Uses PhantomJS/Chromium to render a single-page application written in javascript. Useful for SEO and indexing by social media. Works on LOW-END-BOXES, does not consume much ram memory.
/*
* Wolnościowiec / Frontend Pre-renderer
* -------------------------------------
*
* Wolnościowiec is a project to integrate the movement
* of people who strive to build a society based on
* solidarity, freedom, equality with a respect for
* individual and cooperation of each other.
*
* We support human rights, animal rights, feminism,
* anti-capitalism (taking over the production by workers),
* anti-racism, and internationalism.

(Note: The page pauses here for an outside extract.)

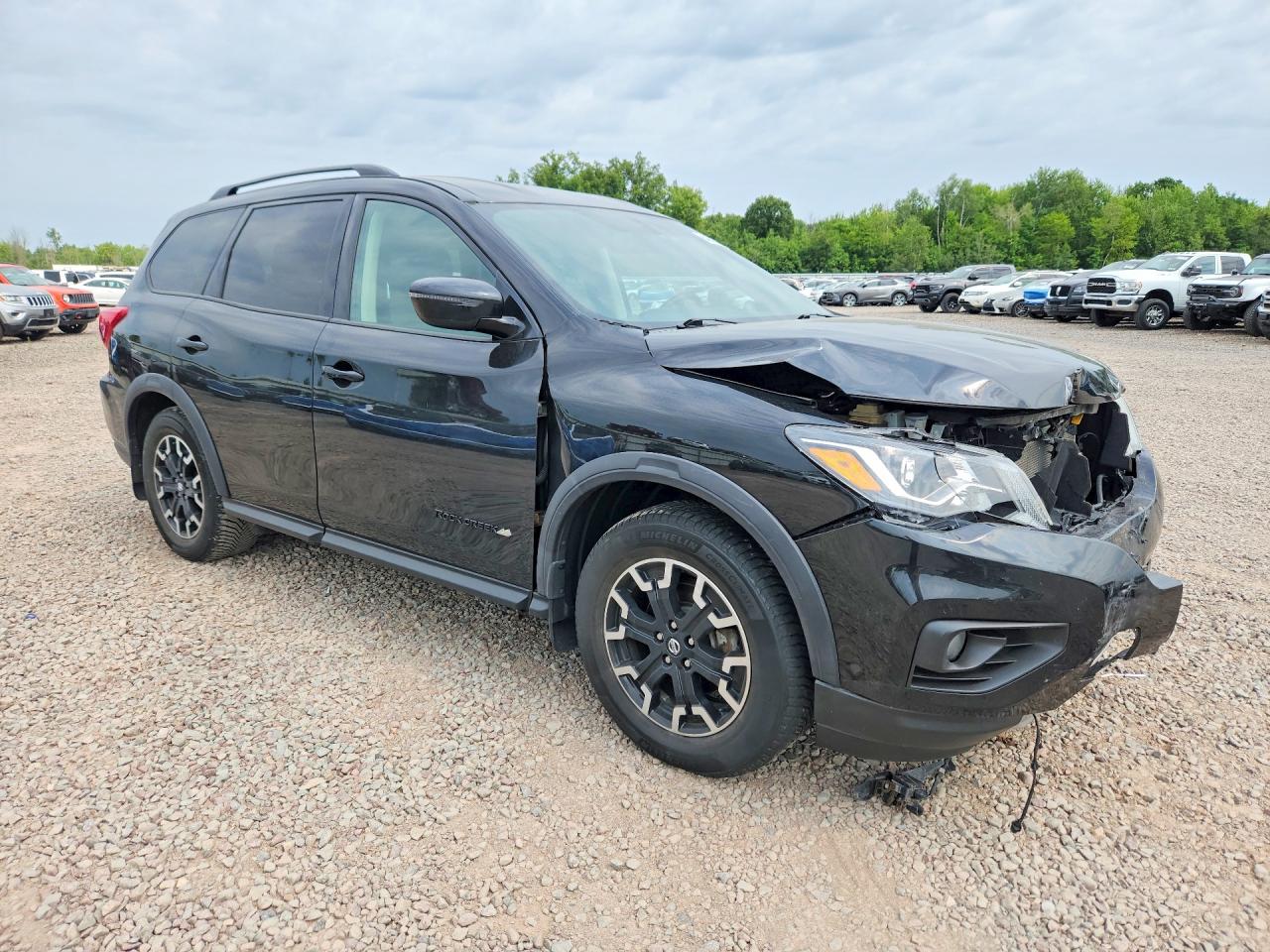 2020 Nissan Pathfinder Sv Черный vin: 5N1DR2BM9LC647031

We negate
* the political fight and politicians at all.
*
* http://wolnosciowiec.net/en
*
* License: LGPLv3
*/
Create your config.php
file in the root directory to override default settings.
The config.dist.php
is a default configuration file and can be copied in place of config.php
- skipped_headers: List of headers to not forward (PhantomJS only)
- allowed_domains: Accept requests only for those domains (all browsers)
- delay: Give the browser X seconds before getting the result from it (PhantomJS only)
- timeout: Give the browser maximum amount of time to render (PhantomJS only)
- with_images: Allow to render images? Mostly its not necessary (all browsers)
- debug: Print debugging information instead of the result (PhantomJS only)
- renderer: Decides if we want to use phantomjs or chromium
- chromium_binary: The command name for Chromium, could be eg. chrome, chromium, google-chrome-beta or some path
- window_size: Browser window size (Chromium only)
- open_process_limit: Limit the amount of workers, so the server will not blow up (Chromium only)
- wait_for_process_time: Amount of seconds to wait for a process when the maximum of opened browsers (defined in open_process_limit) is reached After this time there will be a 503 returned.
make deploy
Feature | Chromium | PhantomJS |
---|---|---|
Response body | Fast fetch, waits for everything | Based on delay or timeout |
Response headers | Not supported | Supported with exclusion list |
Response code | Not supported | Supported |
Requirements | Just the Chromium browser | The PhantomJS, and the NodeJS |
Proxy support | Yes | No |
The usage is simple, just redirect any request to this service, it should go through index.php Use the webserver to redirect requests properly and validate which domains are allowed.
You can render any page eg. facebook.com by providing the URL in the header.
Example request:
GET /
X-Render-Url: https://www.facebook.com/events/209461189653825/
This allows to use the prerender service for scrapping any pages in a microservice architecture, with scaled services behind the load balancer.
The service keeps the history of successful requests from robots, so later there is a possibility to click
all of those links again using a script reclick-cache
To pass the clicks from reclick-cache
you have to redirect it's useragent curl/reclick-cache
through the
prerenderer, so accept it as a crawler on the webserver configuration just like you do for search engines.
Schedule ./bin/reclick-cache.sh
to run eg. daily to regenerate the cache, so the crawlers could hit the cached version
instead of waiting long for the page to load.
(Works only in Chromium)
By passing a header "X-Proxy-Address" you can enforce the browser to use a proxy server.
Example:
X-Proxy-Address: http://localhost:8080